Ultimately, though, it's about learning more. As we talk about experiments in science, the word science comes from the Latin word for knowledge. It really is all about the more you know. The more you know about how your systems operate and how they fail, the better you'll be equipped to build more reliable systems and to be more reliable engineers, to know how to operate the systems that you're running.
All that said, whether you choose to do the mullet style of chaos engineering and do a little bit of partying in your back end, just go out there and do it and start to learn and build up your knowledge. With that, I'll turn it back over to Matt.
Matthew Simons
Matthew Simons: Thanks, Jason.
Chaos for us was one of the big wins. In fact, as we talk about successes here in our story at Workiva, it's the first that I'll mention. Chaos was brand new to us, as I said before. It was something that hadn't really found its way into our standard practice.
This was a chance that we had as a team to bring this to the teams that we worked with. As a standard part of our assessment, it became an opportunity for these teams who, again, had never really worked with us, to go through the entire process: to start from finding hypotheses, to actually seeing their product break, and in some ways break in ways that they hadn't expected.
Those are always some of the biggest wins for us. This is something that we're now doing in a more concentrated and intentional way at Workiva. More systemic, maybe, is a good way to say it. We're really happy to be able to pioneer that and proof-of-concept that for the company.
The next was quality. Quality did improve. This was in fits and starts, maybe, or in spurts. We were working with individual teams, but these individual teams that we worked with came away with standards and best practices that they hadn't necessarily been exposed to, and that left a mark on them, as well as a bunch of what we called findings, but were essentially deviations from those standards and best practices that they were able to take away from our assessment and go to work on.
Maybe most notably, one of the teams that we worked with, which was in charge of our unified messaging bus, took every single ticket that we made. Understand, this is sort of a gold-standard checklist. If you could put together any possible practice that would impact quality in a good way, that's what this represented.
For them to have essentially closed out every single ticket that we created for them, whether it be mitigation or actually performing the upgrade that was prescribed, was pretty incredible. The results were pretty incredible, so much so that it doesn't even make sense talking about it in terms of a reduction in percentage of incidents or SEVs, whatever you might call them. We call them SEVs.
In the time since they did that, they've had two minor SEVs. That's kind of what it comes down to. Before that, quite a bit more. So the efficacy, at least on the team level of this, the impact that it had on quality was pretty big. That was a big win for us.
And we didn't become the Inquisition.

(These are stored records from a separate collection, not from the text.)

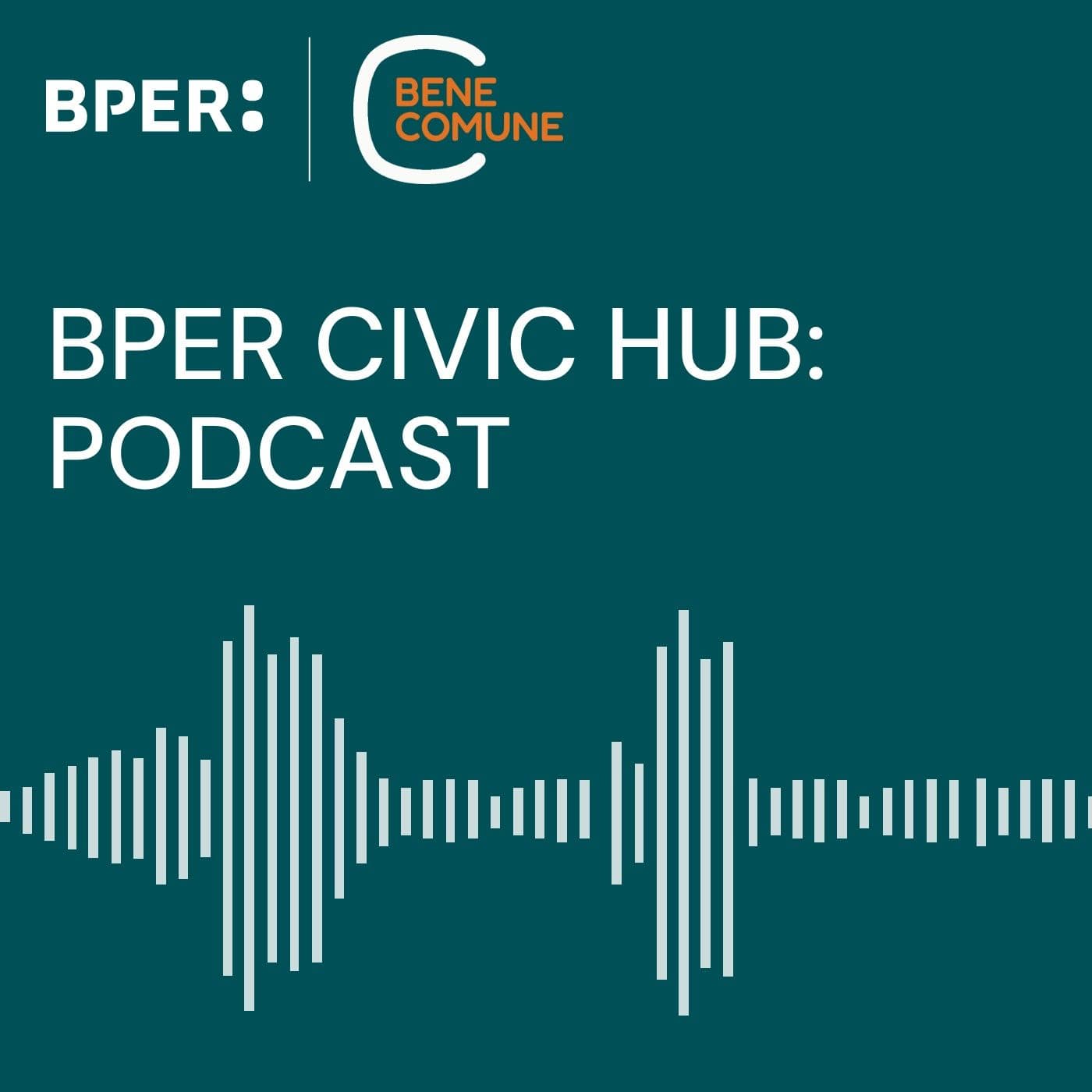 BPER Civic Hub - Podcasts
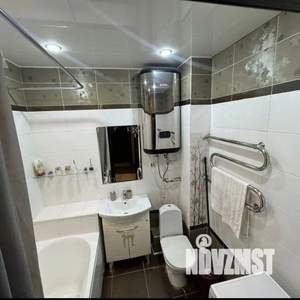 Студия квартира, на длительный срок, 42м2, 2/15 этаж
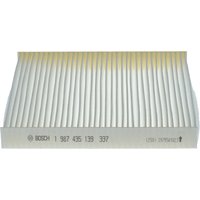 BOSCH Filter, Innenraumluft 1x für INFINITI DODGE FIAT LANCIA CHRYSLER NISSAN 27277EG01A 68042866AB 68042866AA 1 987 435 139 BOSCH Filter, Innenraumluft 1x für INFINITI DODGE FIAT LANCIA CHRYSLER NISSAN 27277EG01A 68042866AB 68042866AA 1 987 435 139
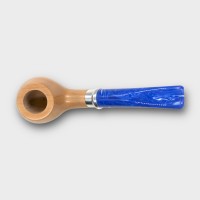 Mr Brog Olive Offline 84 Fishtail 9mm Filter Pipe (MB7234)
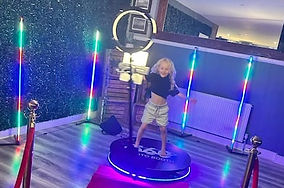 360 Video Booth Essex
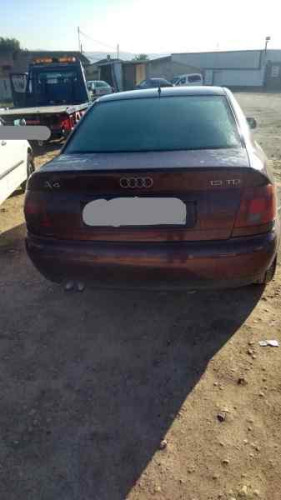 AUDI A4 BERLINA (B5) — автомобиль-донор на запчасти 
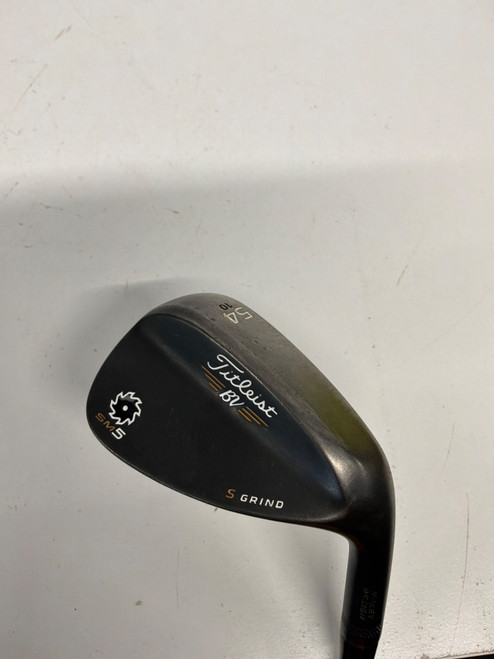 Vist Large View of Product Image Which is Used Titleist VOKEY SM5 S GRIND Golf Wedge Mens RH 54 Degree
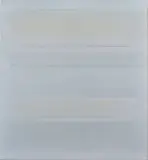 Stripes / light by Riccardo Guarneri, 1977, On the reverse: signature, offered Apr 2022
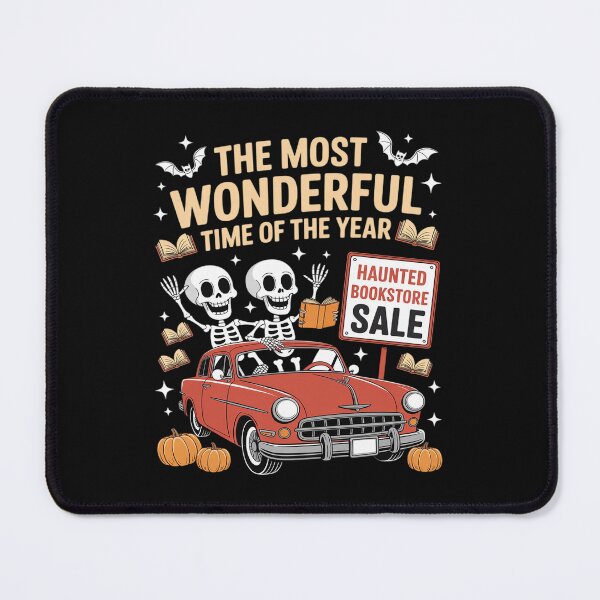 Item preview, Its The Most Wonderful Time Of The Year Halloween Skeleton designed and sold by GaryBellcvbnb.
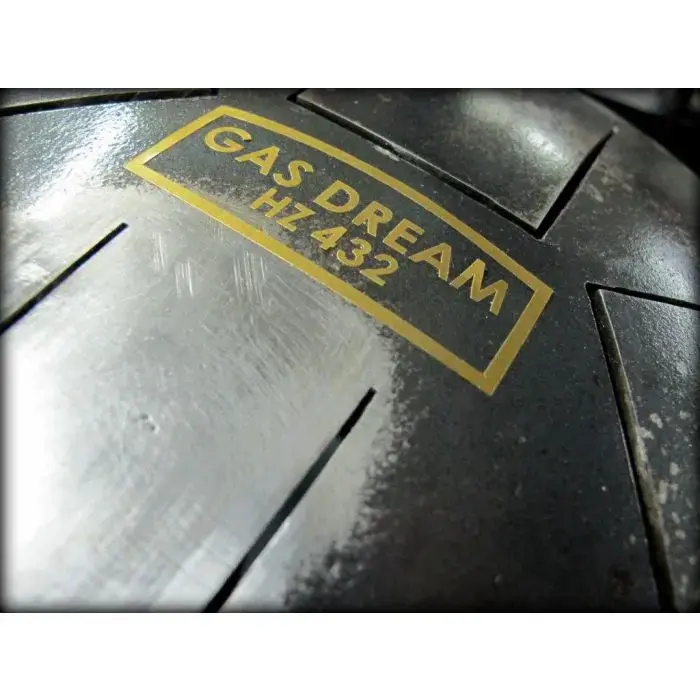 STEEL TONGUE DRUM ARTIGIANALE DO MAGGIORE Bestseller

That was maybe the biggest win for us. We really didn't want to become the Inquisition. All the teams thanked us. Some of them even meant it.

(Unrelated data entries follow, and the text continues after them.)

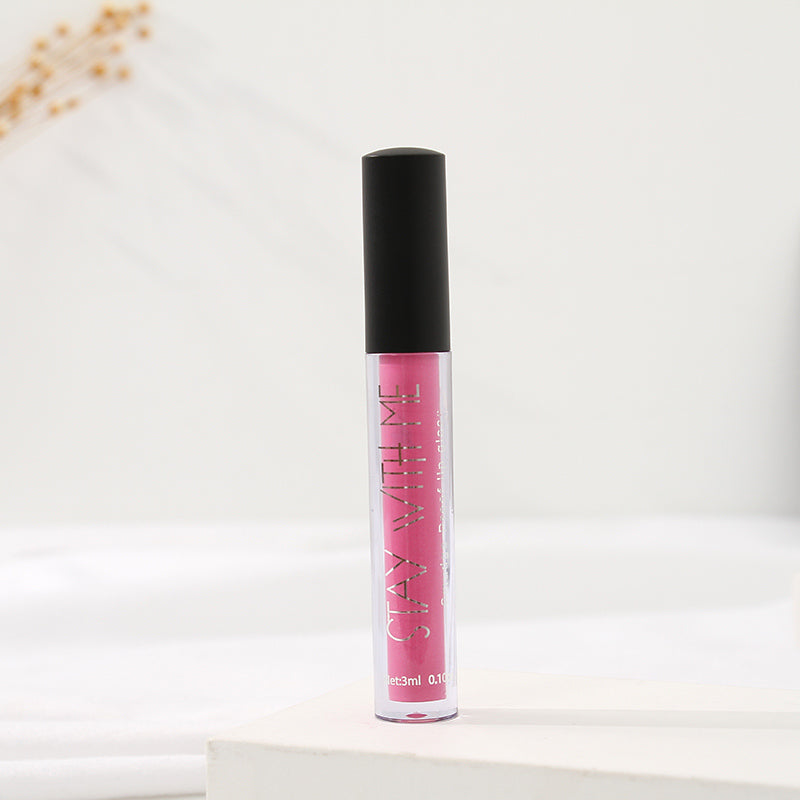 STAY WITH ME Smudge-Proof Lip Gloss 
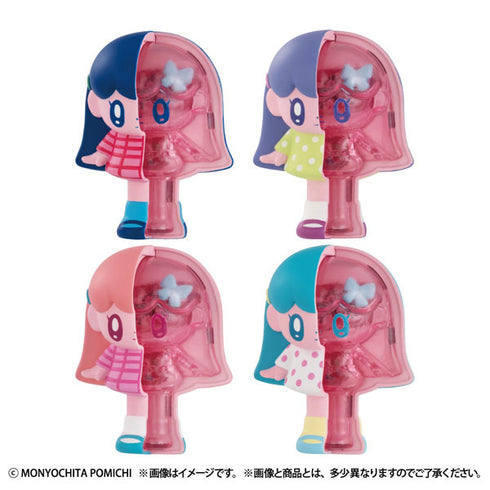 "INSIDE FANTASY" MONYOGIRL 4-Piece Box Set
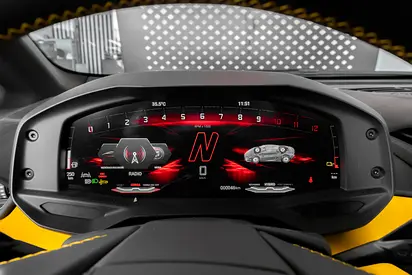 2027 Lamborghini TEMERARIO photo 17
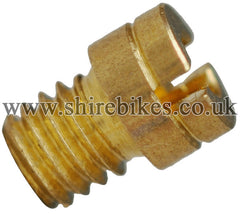 Honda Main Jet suitable for use with ST50 Dax 6V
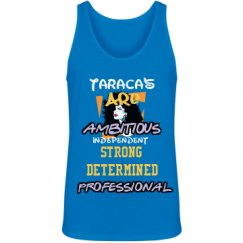 Unisex Jersey Neon Tank Top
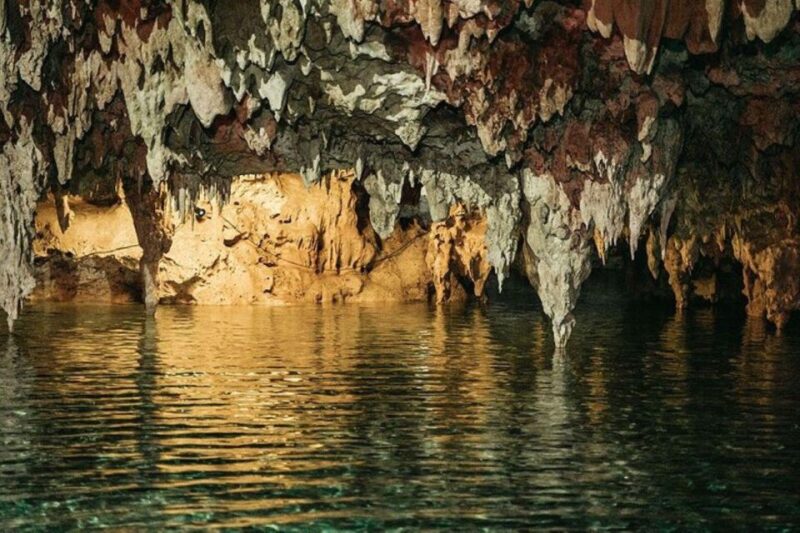 Atv's Cenotes - Whats Included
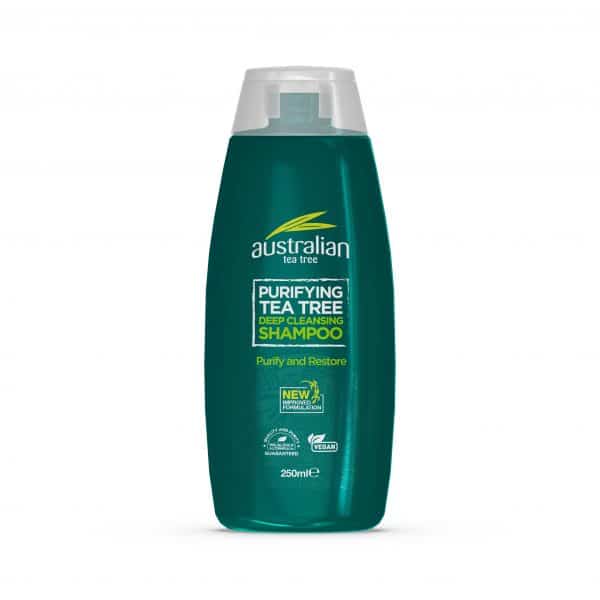 Optima Deep Cleansing Shampoo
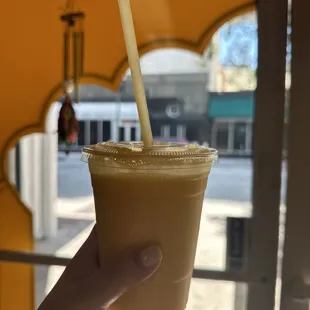 Mango Lassi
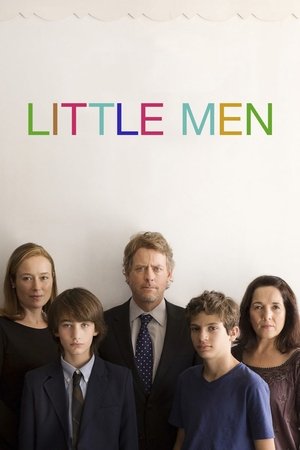 Watch Free Little Men (2016)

Think about that for a moment. We were an interruption for them. We were an inconvenience forced upon them by executive leadership that had concerns about their product quality. In some ways, our very presence was an indictment that indicated lack of trust from the company. That's maybe hyperbolic, but you could see how if you were put in their shoes, that might be how you would interpret it.

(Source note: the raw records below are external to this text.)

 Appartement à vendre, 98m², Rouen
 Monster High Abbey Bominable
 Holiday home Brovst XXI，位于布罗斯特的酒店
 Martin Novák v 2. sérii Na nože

But the formula for making friends is actually pretty simple. It's do something nice for them, keep doing something nice for them. Eventually, if they have a functioning conscience and they're not totally insane, we build up a debt in the face of that kind of an imbalance, and eventually we start trading back and forth. That's how friendships are often born.
For us, we made friends. This whole process was about making friends and then asking our friends to increase their product quality, which was actually super easy. It was something they wanted to do anyways. It was really just showing them how. That was one of the biggest wins for us.
But to go to failures now, I'll be honest, this was a very difficult portion of the talk to write for me. I have gone through lots of written versions of it and never really stumbled on something that I was super happy with. It's hard to talk about. Failure is not an attractive color on anyone. It doesn't make anyone look good.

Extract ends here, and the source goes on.